Perhaps the question of intelligence to alter human DNA antibiotics can be questioned before PPMOs are introduced into the market, compared with more than 30 years later, as in the case of antibiotics called fluoroquinolones. it would be a sign of wisdom and desire for sustainability as a species. Unfortunately, neither the wisdom nor sustainability are valued at the time and I suspect the farce of people being genetically altered by fluoroquinolones will continue and that the farce of people is altered by PPMOs will begin.
Post Script:
1. If enough people gathered, was testing his DNA got those performed by a toxicologist results, and appropriate investigation published in the results, he could stop this atrocity.

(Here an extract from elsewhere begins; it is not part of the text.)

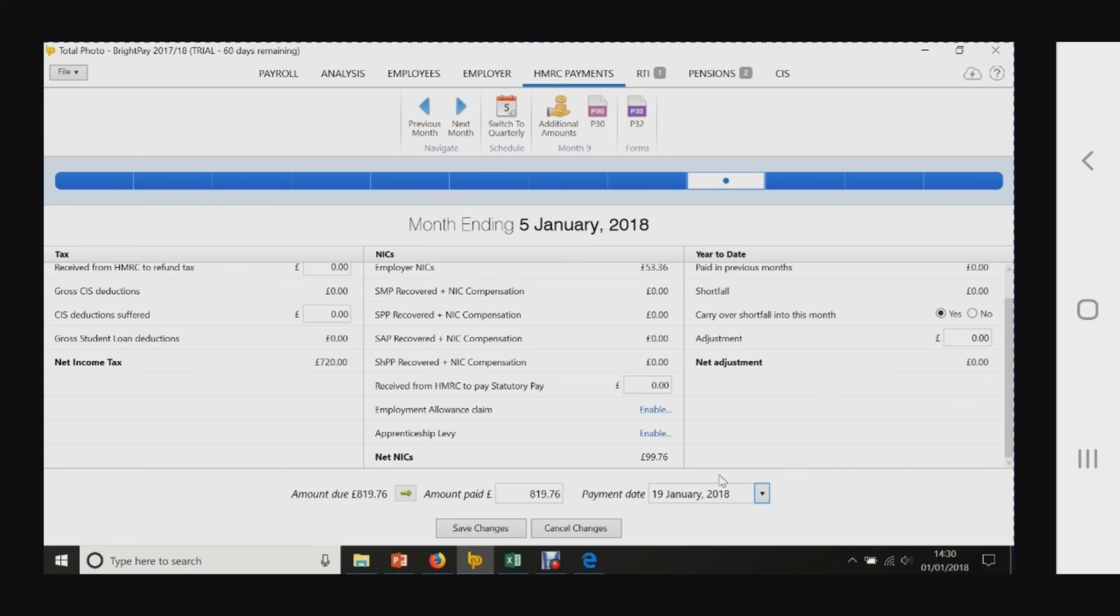That's what we need to pay to HMRC by this date. We can click save those changes and we'd put in a bill payment on our actual bank account.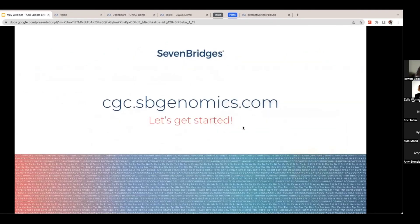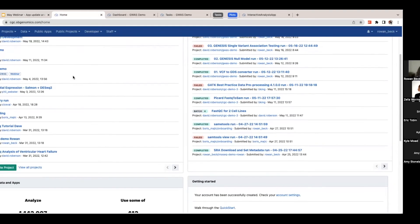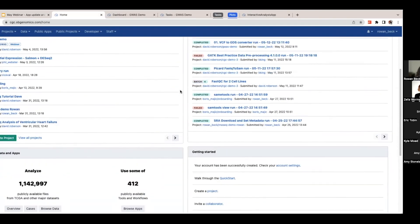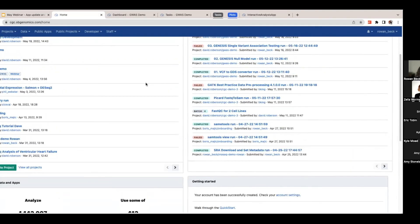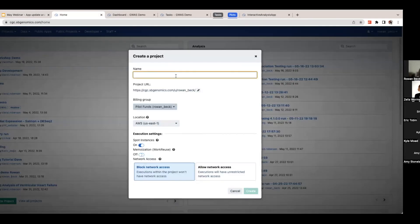Once you log in, you'll see the homepage with a list of projects on the left and analyses run on the right. To start, click Projects and create a project. You can give it a name — I'll do GWAS demo May webinar. You can scroll down and choose how to pay. I'm using my pilot funds. Keep in mind anyone who signs up with the CGC will get $300 worth of pilot credits, which is more than enough to at least start with. Then click Create and you'll be taken to your new project.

Note that both Bayer (producer of Cipro and Avelox) and Johnson and Johnson (producer Levaquin), and even generic producers of these drugs, has very deep pockets.
2. The author's blog www.floxiehope.com
Article Source:.
1. Drug Discovery and Development "Beyond Antibiotics: new approach for bacterial infections," published online 10/16/13 - http://www.dddmag.com/news/2013/10/beyond -antibiotics-new -approach-bacterial ...
2. PLOS collections, "Table of Contents: Collection of human microbiome project" http: //www.ploscollections.org/article/browseIssue.action ...
3. Neergaard, Lauran, "Human microbiome project: 10,000 species of microbes in and on our bodies," HuffPost Healthy Living, 06/13/2012 http://www.huffingtonpost.com/2012/06/13/ - human microbiome-project ...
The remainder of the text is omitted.